You mean, thanks to Rare.


----------



## WolfoxOkamichan (Nov 17, 2008)

Cheesewulf said:


> coz it's sexier than a simple skinny Wolf D:



Truer words have never been spoken. :O



TyVulpine said:


> If it wasn't for Miyamoto, the video game industry would still be dead, or at the very least not nearly as advanced as it is today.



1) The Video Game Drought thing wasn't affecting Japan much.

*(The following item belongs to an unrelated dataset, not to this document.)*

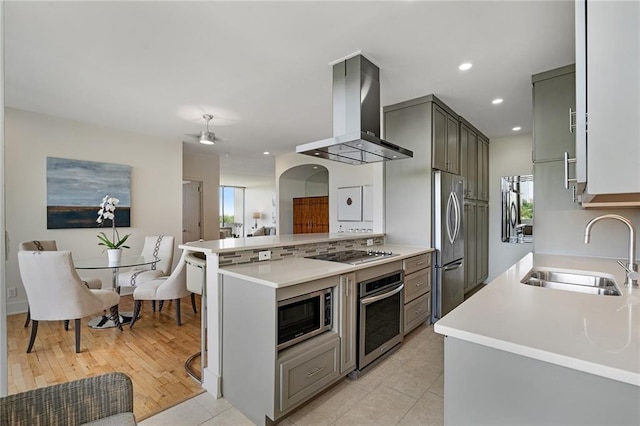 kitchen featuring kitchen peninsula, gray cabinetry, sink, appliances with stainless steel finishes, and island range hood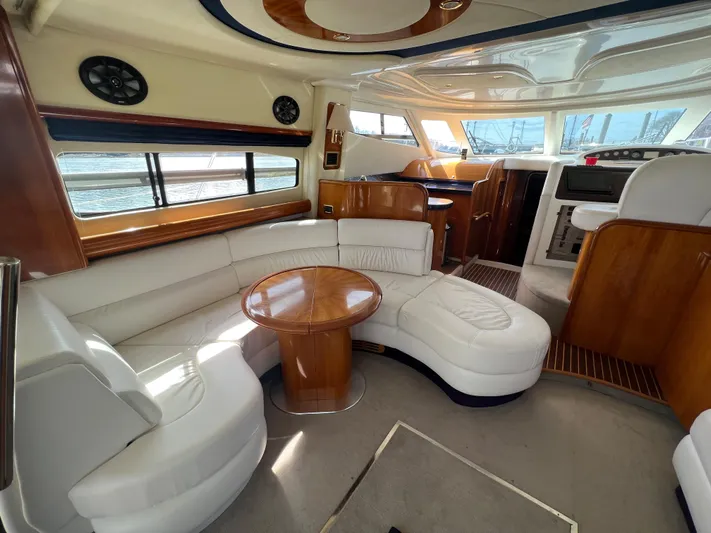  Yacht Photos Pics Luxurious 2004 Cranchi Atlantique 48 yacht interior with elegant seating and wooden accents.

2) Marie Curie fallacy. (It's fallacy - i.e. if it weren't for Marie Curie, we wouldn't have discovered radium.)



TyVulpine said:


> You mean, thanks to Rare.



Umm... If Miyamoto wouldn't have intervened, DP would be created, and it would get less hate.


----------



## Ty Vulpine (Nov 17, 2008)

WolfoxOkamichan said:


> 1) The Video Game Drought thing wasn't affecting Japan much.
> 
> 2) Marie Curie fallacy. (It's fallacy - i.e. if it weren't for Marie Curie, we wouldn't have discovered radium.)
> 
> ...



We would have still discovered radium, no doubt, just at a later time. As for DP getting "less hate", that's debatable, since we'll never know for sure. At best, it would have been a mediocre game.


----------



## WolfoxOkamichan (Nov 17, 2008)

Apparently it will be like SFA, except less Zelda and more platforming.


----------



## TwilightV (Nov 17, 2008)

I saw the trailer for DP. It seemed just like SFA only:

1. No spacecrafts.
2. Krystal was another species altogether.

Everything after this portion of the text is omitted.